Provided material:

═══

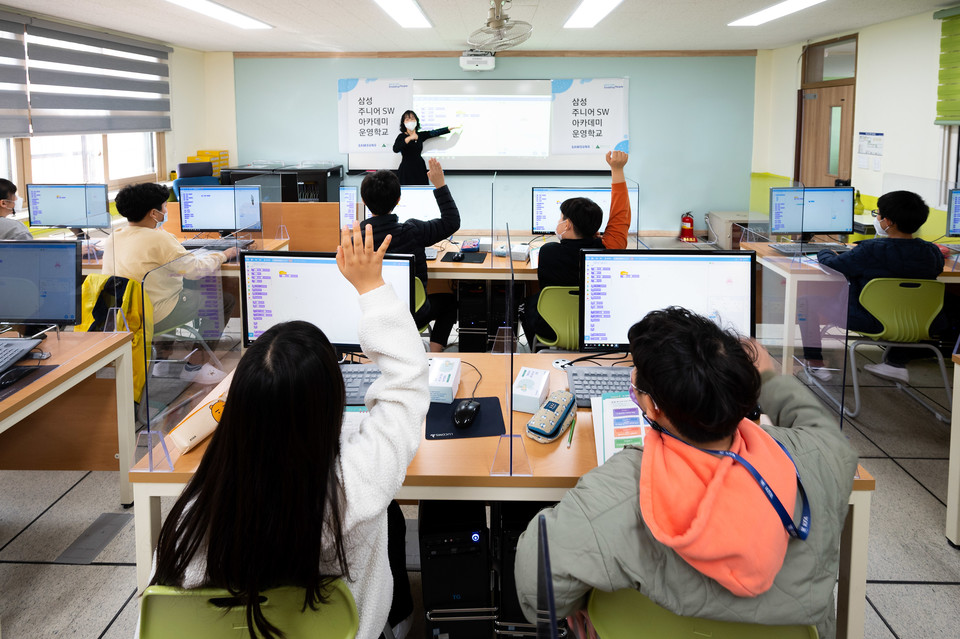 충청북도 '괴산명덕초등학교'에서 AI 수업이 진행되고 있다.
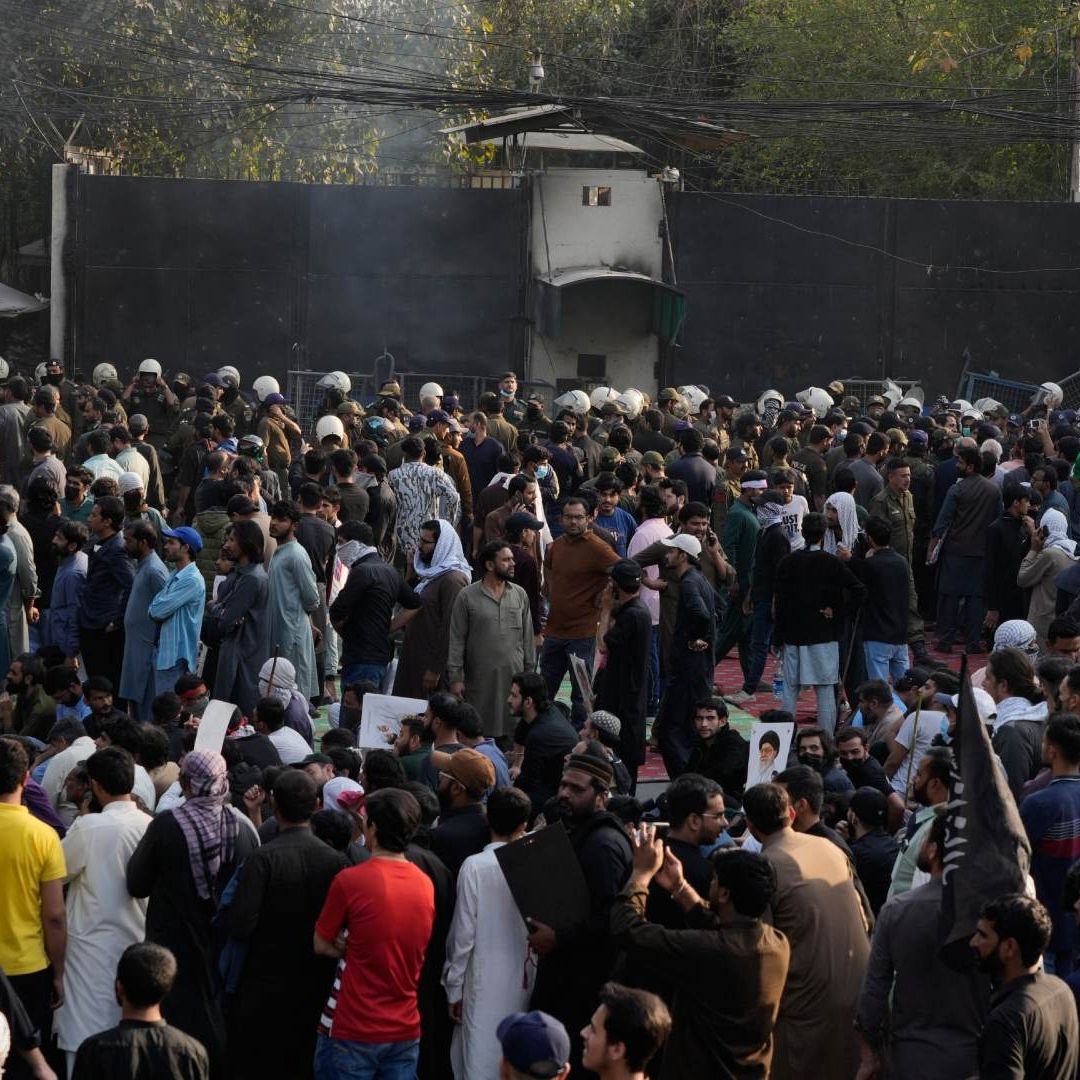 Dejan 22 muertos protestas en Pakistán por muerte de Jamenei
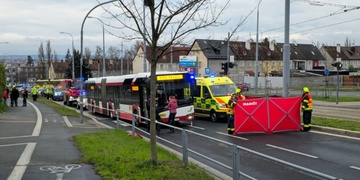 Autobus srazil a na místě usmrtil chodce
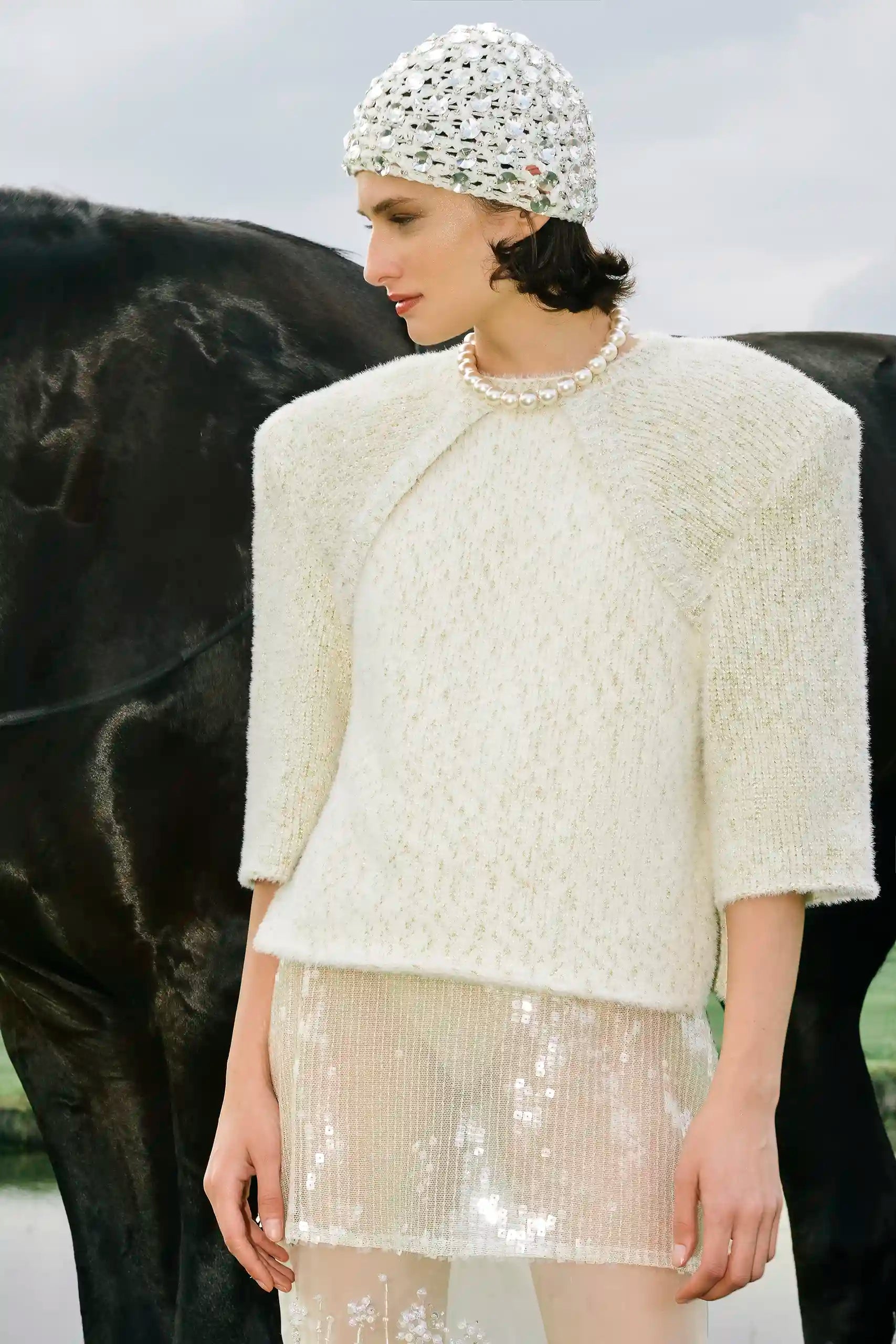 Nero White Sweater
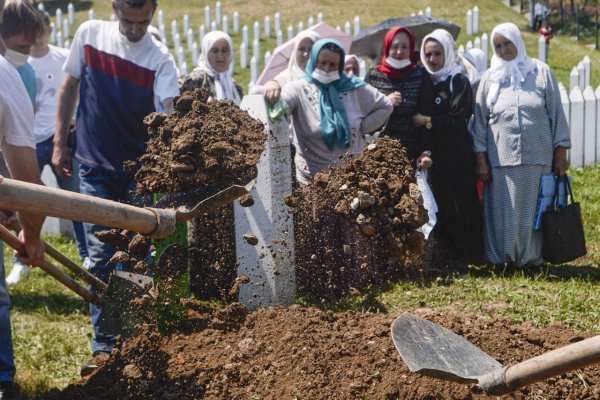 Uplynulo 25 rokov od masakry v Srebrenici, pochovali ďalších deväť obetí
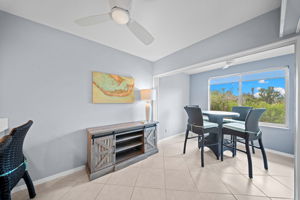  Photo 80
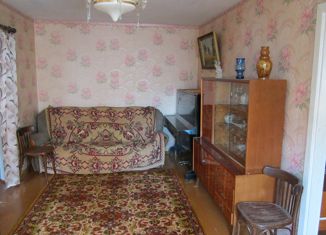 Продаю трехкомнатную квартиру, 42 м2, поселок городского типа Ракитное, Пролетарская улица, 23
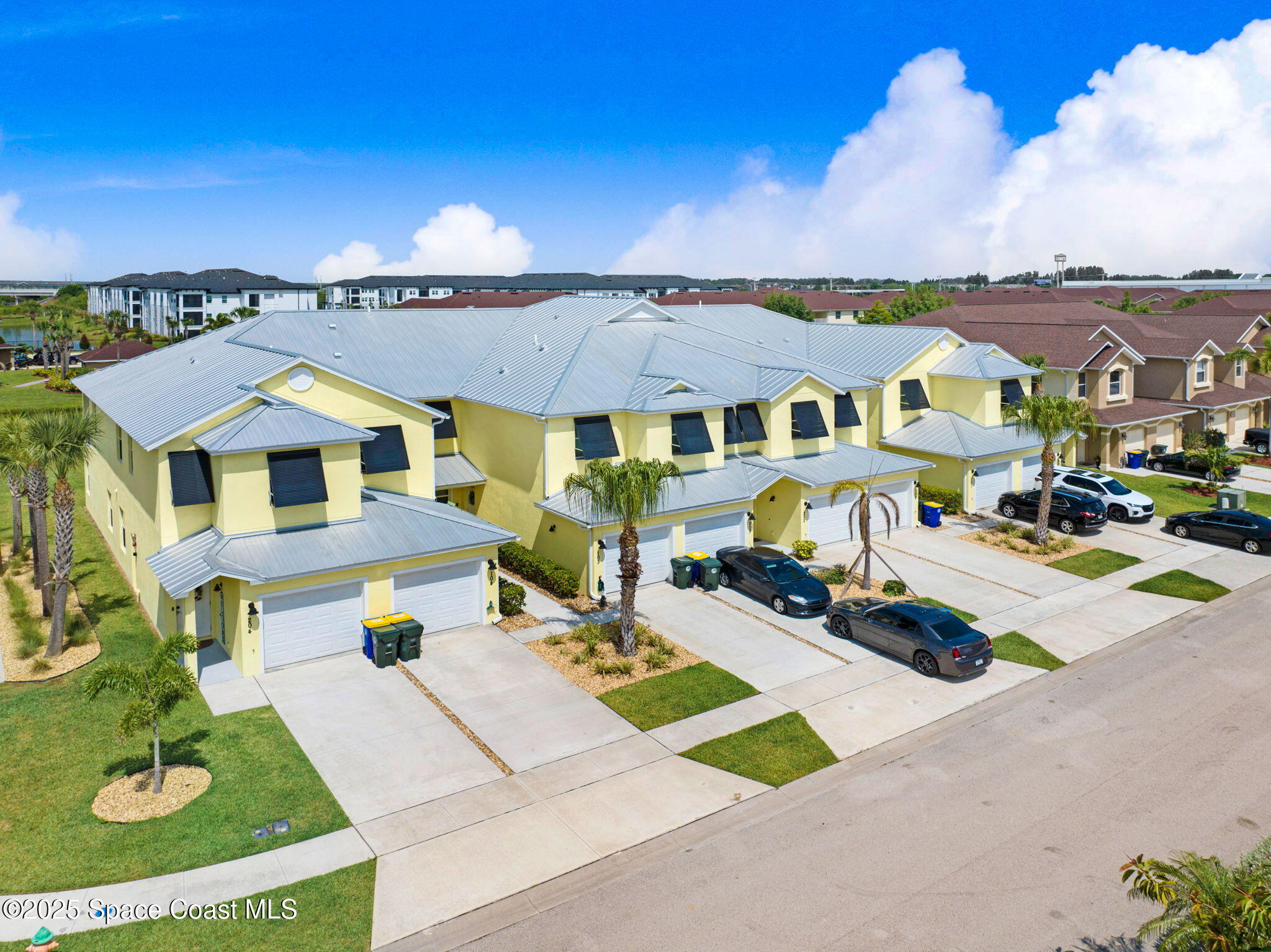 3920 Playa Del Sol Drive 104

═══

Your objective: Only the pictures are to be dropped; the rest of the material above must be duplicated exactly.

Exercise response:
 충청북도 '괴산명덕초등학교'에서 AI 수업이 진행되고 있다.
 Dejan 22 muertos protestas en Pakistán por muerte de Jamenei
 Autobus srazil a na místě usmrtil chodce
 Nero White Sweater
 Uplynulo 25 rokov od masakry v Srebrenici, pochovali ďalších deväť obetí
  Photo 80
 Продаю трехкомнатную квартиру, 42 м2, поселок городского типа Ракитное, Пролетарская улица, 23
 3920 Playa Del Sol Drive 104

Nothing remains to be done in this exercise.